:: Exercise details ::
Please, without any pictures, transcribe the lines from the one holding "Tiny photo for" to the end of the listing, both ends included.

:: Supplied material ::
◆ ◆ ◆ ◆ ◆ ◆ ◆

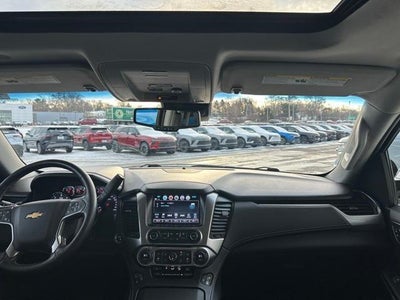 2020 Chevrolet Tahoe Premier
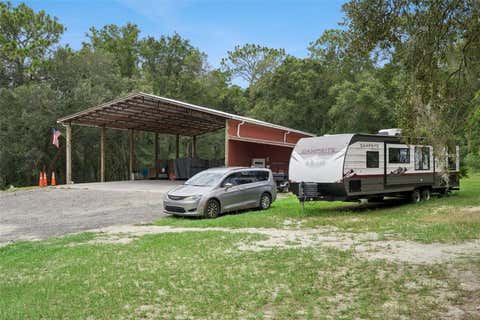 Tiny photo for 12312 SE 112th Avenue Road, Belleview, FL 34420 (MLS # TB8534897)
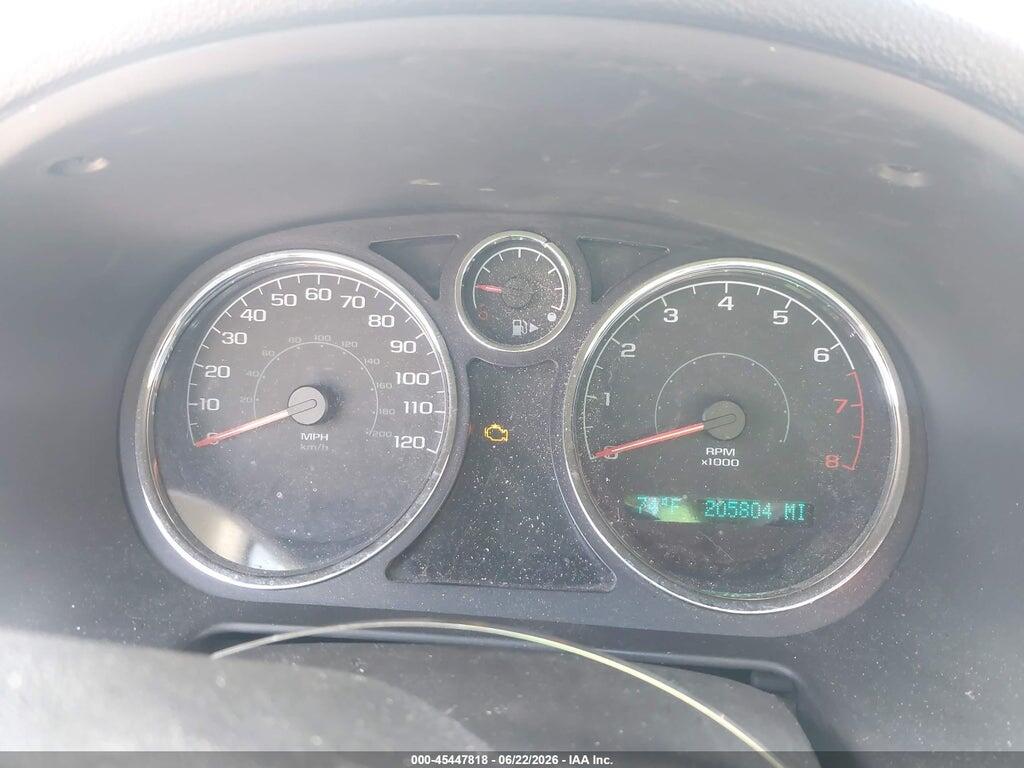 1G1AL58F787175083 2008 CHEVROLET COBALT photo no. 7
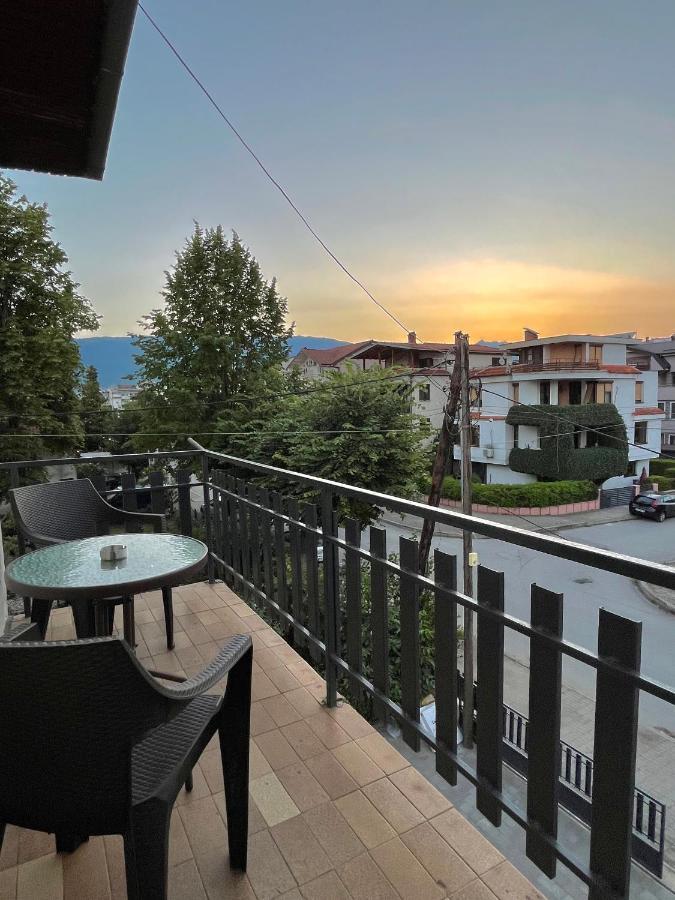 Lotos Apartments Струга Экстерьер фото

◆ ◆ ◆ ◆ ◆ ◆ ◆

:: Output for this exercise ::
 Tiny photo for 12312 SE 112th Avenue Road, Belleview, FL 34420 (MLS # TB8534897)
 1G1AL58F787175083 2008 CHEVROLET COBALT photo no. 7
 Lotos Apartments Струга Экстерьер фото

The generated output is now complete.